Welcome to the world of automated ripping off of “widows and orphans”…
In Conclusion
And that, boys and girls, is why a ‘stop loss’ order is often more of a ‘loss lock in’ order and why you ought to be particularly careful about using them with ETFs.
Much more often than not, markets make wide ‘excursions’ and then return to nearer normal ranges. It has been my experience that if you miss the ‘sell now!’ on a crash, you get a better price later in the session, or if the crash accelerates, a few days later on the rebound.
But in all cases you don’t get fleeced for an extra 40% off…
Hi Chiefio,
This has been a very nice series of financial posts, thanks.
I have a small spreadbetting account over here, I believe they’re banned in America. Spreadbetting is basically futures for the small guy. And because the spreadbetting company makes the market, you can trade a share price like a future, only having to put up a small margin each bet. The company makes money not just on the spread, but also by trading in their own right, based on what they’ve learned from the way people are betting.
Quite a few times I’ve noticed, particularly when I put tight stops on a bet, that the price will all of a sudden start gravitating towards my stop loss, take it out, and then gravitate back to the point where the underlying market is. I’m not saying this is done deliberately, although it’s a possibility, and anyway, I am trading too small to be someone of interest. It’s probable that I’m setting my stops where a lot of other people are too, and we’re all getting taken out.

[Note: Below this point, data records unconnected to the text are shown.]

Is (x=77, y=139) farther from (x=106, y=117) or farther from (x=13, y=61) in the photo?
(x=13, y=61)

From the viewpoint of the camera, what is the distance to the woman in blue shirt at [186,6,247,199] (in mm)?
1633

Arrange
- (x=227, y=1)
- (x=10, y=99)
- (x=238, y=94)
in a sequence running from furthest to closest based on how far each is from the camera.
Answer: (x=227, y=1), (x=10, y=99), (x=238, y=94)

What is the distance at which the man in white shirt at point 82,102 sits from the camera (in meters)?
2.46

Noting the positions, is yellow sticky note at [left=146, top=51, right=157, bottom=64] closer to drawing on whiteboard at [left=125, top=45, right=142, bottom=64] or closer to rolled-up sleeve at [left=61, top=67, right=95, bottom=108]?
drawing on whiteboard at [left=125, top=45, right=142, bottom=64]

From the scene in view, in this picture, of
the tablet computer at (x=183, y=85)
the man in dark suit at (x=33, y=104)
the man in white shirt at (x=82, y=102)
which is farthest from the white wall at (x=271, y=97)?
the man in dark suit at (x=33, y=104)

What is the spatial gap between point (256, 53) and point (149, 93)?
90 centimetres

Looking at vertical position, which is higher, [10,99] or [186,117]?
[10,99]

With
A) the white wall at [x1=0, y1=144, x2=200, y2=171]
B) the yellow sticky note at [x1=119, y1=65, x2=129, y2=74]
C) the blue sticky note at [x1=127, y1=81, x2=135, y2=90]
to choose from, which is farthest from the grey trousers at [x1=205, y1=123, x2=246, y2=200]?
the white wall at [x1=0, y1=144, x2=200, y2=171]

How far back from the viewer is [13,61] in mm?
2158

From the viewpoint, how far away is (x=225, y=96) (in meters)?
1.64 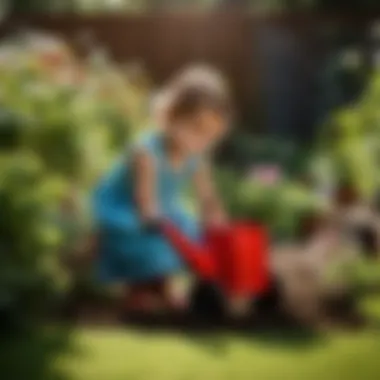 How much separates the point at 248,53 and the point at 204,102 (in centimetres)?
9

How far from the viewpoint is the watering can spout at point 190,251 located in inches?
58.2

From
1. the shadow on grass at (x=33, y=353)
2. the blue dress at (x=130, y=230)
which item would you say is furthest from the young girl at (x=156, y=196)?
the shadow on grass at (x=33, y=353)

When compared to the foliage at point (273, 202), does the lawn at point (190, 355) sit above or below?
below

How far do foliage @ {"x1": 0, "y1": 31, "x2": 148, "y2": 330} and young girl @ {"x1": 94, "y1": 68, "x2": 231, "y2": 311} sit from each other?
32mm

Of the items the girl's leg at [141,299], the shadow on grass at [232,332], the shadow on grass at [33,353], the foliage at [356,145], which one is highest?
the foliage at [356,145]

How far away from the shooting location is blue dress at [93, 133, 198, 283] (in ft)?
4.85

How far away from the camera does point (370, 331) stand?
147cm

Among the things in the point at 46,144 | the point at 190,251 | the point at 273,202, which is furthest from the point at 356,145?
the point at 46,144

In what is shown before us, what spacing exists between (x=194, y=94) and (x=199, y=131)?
0.17ft

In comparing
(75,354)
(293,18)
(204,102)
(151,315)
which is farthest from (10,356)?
(293,18)

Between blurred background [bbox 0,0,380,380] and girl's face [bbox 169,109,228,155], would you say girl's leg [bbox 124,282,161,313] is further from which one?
girl's face [bbox 169,109,228,155]

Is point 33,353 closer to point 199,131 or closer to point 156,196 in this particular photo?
point 156,196

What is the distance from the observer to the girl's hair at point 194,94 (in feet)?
4.88

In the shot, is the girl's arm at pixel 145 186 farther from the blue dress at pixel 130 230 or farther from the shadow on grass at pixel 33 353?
the shadow on grass at pixel 33 353
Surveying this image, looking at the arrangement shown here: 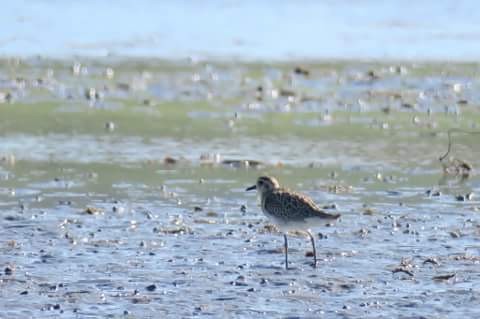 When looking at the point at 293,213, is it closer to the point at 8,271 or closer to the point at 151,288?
the point at 151,288

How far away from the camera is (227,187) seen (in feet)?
54.3

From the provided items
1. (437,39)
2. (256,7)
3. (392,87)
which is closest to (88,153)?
(392,87)

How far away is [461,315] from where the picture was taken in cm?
1124

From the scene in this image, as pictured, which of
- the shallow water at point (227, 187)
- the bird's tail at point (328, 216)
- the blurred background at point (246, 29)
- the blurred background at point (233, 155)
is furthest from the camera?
the blurred background at point (246, 29)

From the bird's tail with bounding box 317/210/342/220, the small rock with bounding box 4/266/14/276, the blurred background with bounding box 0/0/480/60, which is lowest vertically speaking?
the small rock with bounding box 4/266/14/276

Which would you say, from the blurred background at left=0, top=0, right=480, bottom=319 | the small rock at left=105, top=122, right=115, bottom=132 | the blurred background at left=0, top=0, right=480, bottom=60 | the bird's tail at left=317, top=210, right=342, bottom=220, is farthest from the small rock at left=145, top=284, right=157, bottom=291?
the blurred background at left=0, top=0, right=480, bottom=60

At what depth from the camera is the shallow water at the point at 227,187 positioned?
11.8 meters

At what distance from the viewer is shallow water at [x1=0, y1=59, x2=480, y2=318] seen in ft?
38.9

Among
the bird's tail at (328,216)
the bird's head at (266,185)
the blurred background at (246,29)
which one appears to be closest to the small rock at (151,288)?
the bird's tail at (328,216)

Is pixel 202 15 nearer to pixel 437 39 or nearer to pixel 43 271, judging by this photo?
pixel 437 39

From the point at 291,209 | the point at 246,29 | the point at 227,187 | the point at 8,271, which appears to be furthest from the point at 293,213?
the point at 246,29

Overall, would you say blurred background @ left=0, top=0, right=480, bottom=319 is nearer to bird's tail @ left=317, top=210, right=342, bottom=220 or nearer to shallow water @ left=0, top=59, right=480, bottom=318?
shallow water @ left=0, top=59, right=480, bottom=318

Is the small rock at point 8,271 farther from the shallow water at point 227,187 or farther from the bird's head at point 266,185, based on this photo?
the bird's head at point 266,185

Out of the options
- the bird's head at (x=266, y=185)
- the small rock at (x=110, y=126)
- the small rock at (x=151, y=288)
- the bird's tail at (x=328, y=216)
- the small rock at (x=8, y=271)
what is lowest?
the small rock at (x=151, y=288) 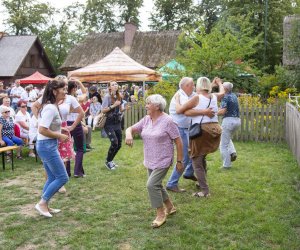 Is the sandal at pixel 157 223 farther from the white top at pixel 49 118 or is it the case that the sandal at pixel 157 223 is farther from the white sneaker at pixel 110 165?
the white sneaker at pixel 110 165

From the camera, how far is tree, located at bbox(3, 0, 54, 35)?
52.3 metres

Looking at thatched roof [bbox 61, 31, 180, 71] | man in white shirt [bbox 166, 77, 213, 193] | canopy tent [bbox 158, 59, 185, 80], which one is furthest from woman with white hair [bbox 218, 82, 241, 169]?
thatched roof [bbox 61, 31, 180, 71]

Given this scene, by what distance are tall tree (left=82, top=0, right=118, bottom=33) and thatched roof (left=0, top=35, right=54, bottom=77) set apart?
14784 mm

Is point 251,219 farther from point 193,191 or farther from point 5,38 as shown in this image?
point 5,38

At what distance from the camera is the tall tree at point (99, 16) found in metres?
51.6

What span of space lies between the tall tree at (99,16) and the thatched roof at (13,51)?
14784mm

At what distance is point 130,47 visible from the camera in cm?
3928

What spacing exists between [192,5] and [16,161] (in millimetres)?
45331

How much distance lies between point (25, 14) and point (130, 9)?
46.1ft

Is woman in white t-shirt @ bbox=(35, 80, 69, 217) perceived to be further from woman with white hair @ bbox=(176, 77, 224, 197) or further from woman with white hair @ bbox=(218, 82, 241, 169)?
woman with white hair @ bbox=(218, 82, 241, 169)

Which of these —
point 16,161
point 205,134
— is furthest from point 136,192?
point 16,161

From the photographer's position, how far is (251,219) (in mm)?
5070

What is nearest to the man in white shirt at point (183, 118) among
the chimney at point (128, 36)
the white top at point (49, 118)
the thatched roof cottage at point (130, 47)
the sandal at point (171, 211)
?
the sandal at point (171, 211)

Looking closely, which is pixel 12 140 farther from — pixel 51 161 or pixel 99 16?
pixel 99 16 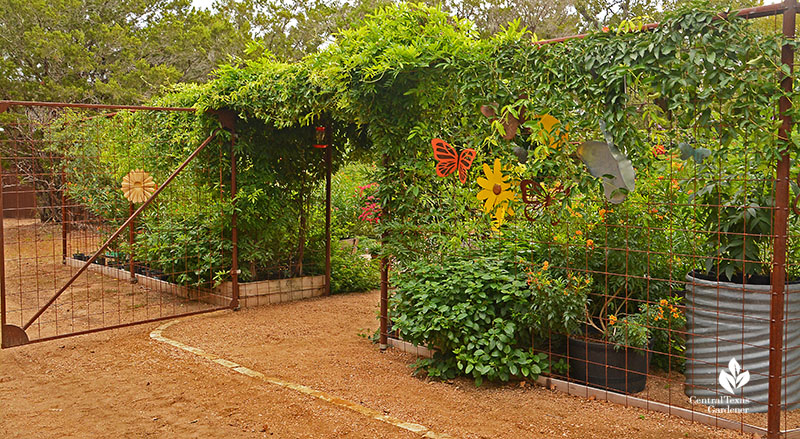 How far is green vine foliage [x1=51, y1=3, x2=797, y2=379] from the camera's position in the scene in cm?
347

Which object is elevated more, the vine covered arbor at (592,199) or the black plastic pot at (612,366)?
the vine covered arbor at (592,199)

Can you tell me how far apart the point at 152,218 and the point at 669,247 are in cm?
612

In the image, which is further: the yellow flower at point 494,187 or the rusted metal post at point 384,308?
the rusted metal post at point 384,308

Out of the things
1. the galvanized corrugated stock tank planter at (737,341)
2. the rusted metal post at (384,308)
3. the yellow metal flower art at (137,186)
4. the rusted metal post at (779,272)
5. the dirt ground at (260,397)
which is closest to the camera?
the rusted metal post at (779,272)

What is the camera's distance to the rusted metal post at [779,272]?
3.36 metres

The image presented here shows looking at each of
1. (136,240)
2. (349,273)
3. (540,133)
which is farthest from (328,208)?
(540,133)

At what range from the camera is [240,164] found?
7.19 meters

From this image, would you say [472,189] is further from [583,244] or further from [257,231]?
[257,231]

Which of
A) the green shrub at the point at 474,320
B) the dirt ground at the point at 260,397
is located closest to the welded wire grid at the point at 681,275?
the green shrub at the point at 474,320

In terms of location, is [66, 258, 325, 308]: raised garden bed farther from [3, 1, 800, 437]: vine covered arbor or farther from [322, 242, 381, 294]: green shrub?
[3, 1, 800, 437]: vine covered arbor

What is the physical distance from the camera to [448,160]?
4703 millimetres

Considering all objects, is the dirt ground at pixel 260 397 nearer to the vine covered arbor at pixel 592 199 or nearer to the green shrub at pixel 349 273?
the vine covered arbor at pixel 592 199

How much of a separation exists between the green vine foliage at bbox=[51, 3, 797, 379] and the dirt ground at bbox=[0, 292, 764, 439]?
0.35 m

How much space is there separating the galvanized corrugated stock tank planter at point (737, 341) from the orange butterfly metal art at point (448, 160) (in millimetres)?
1621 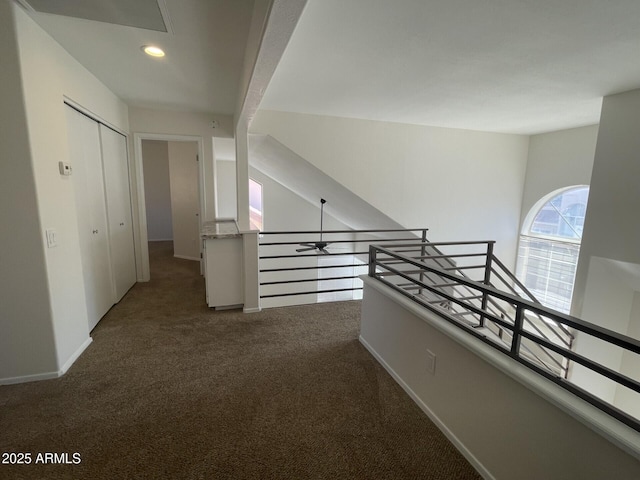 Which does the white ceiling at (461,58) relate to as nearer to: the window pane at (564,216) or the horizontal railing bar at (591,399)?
the window pane at (564,216)

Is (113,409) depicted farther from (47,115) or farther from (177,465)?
(47,115)

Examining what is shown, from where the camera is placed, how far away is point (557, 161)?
4293 millimetres

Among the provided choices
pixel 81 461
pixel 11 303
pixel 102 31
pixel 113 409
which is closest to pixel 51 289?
pixel 11 303

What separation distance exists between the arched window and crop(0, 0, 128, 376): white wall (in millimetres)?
6108

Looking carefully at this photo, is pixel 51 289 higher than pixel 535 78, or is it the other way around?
pixel 535 78

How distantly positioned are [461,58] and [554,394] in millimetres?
2274

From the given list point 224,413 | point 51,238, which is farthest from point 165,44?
point 224,413

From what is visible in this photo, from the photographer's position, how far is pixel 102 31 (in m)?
1.99

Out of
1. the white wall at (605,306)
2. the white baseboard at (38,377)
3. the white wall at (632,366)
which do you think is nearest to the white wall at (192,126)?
the white baseboard at (38,377)

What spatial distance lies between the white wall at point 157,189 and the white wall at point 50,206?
5358 millimetres

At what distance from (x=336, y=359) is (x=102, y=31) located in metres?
2.99

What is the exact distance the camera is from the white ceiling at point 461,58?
64.6 inches

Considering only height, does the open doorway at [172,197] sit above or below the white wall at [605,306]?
above

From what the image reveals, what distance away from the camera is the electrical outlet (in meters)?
1.71
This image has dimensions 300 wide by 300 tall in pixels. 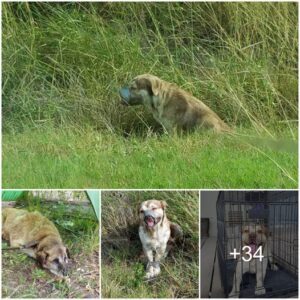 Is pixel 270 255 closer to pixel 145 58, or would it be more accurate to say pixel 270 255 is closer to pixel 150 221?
pixel 150 221

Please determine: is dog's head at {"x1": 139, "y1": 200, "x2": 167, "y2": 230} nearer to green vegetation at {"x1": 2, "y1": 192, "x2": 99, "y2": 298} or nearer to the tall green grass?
green vegetation at {"x1": 2, "y1": 192, "x2": 99, "y2": 298}

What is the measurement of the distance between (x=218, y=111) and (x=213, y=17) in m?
0.84

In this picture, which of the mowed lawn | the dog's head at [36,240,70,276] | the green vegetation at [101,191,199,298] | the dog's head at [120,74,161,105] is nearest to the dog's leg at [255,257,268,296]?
the green vegetation at [101,191,199,298]

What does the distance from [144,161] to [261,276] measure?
4.50 feet

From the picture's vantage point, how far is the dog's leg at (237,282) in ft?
22.3

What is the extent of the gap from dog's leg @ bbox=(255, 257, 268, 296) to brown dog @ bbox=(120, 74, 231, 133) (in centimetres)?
119

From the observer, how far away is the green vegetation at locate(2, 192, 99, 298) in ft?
21.8

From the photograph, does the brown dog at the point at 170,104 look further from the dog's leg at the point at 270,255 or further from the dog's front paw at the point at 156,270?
the dog's front paw at the point at 156,270

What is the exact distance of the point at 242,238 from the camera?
6809mm

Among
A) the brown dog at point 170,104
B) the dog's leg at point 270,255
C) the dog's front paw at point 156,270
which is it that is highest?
the brown dog at point 170,104

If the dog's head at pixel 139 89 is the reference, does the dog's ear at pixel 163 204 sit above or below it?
below

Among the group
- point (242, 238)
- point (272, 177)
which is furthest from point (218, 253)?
point (272, 177)

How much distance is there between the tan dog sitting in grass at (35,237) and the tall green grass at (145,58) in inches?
35.0

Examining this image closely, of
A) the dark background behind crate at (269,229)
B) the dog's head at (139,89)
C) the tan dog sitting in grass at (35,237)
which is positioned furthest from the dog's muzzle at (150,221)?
the dog's head at (139,89) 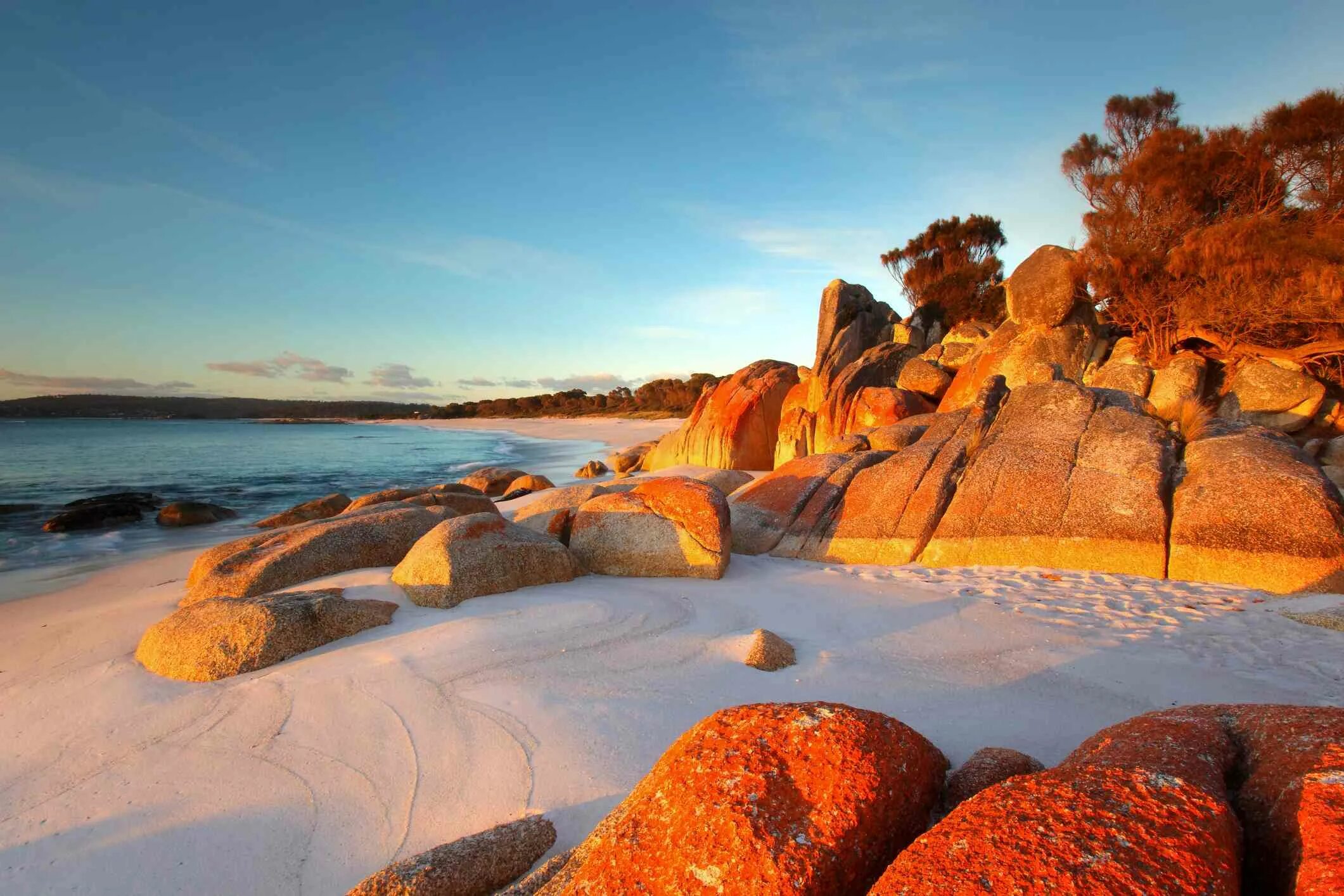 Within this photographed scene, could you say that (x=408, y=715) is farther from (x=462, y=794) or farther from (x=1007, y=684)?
(x=1007, y=684)

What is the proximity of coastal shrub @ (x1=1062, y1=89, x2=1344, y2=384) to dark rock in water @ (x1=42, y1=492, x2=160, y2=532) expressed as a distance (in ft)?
72.4

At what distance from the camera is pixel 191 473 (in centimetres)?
2361

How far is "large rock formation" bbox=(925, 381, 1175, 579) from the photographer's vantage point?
6570 millimetres

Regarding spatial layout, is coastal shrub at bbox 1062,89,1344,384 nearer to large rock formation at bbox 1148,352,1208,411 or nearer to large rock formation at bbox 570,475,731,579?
large rock formation at bbox 1148,352,1208,411

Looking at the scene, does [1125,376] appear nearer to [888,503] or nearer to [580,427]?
[888,503]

When you set a stop loss, you’re giving away an awful lot of information to the market maker, information that can then be used against you if needed. By seeing where most people are putting their stops, they can take them out if they are close enough to the price (It is possible to move the market for a few minutes with a large trade, and that’s all they need), or if they want to trade themselves, make sure that their stop isn’t taken out by setting it beyond where most other people are. Nice work if you can get it.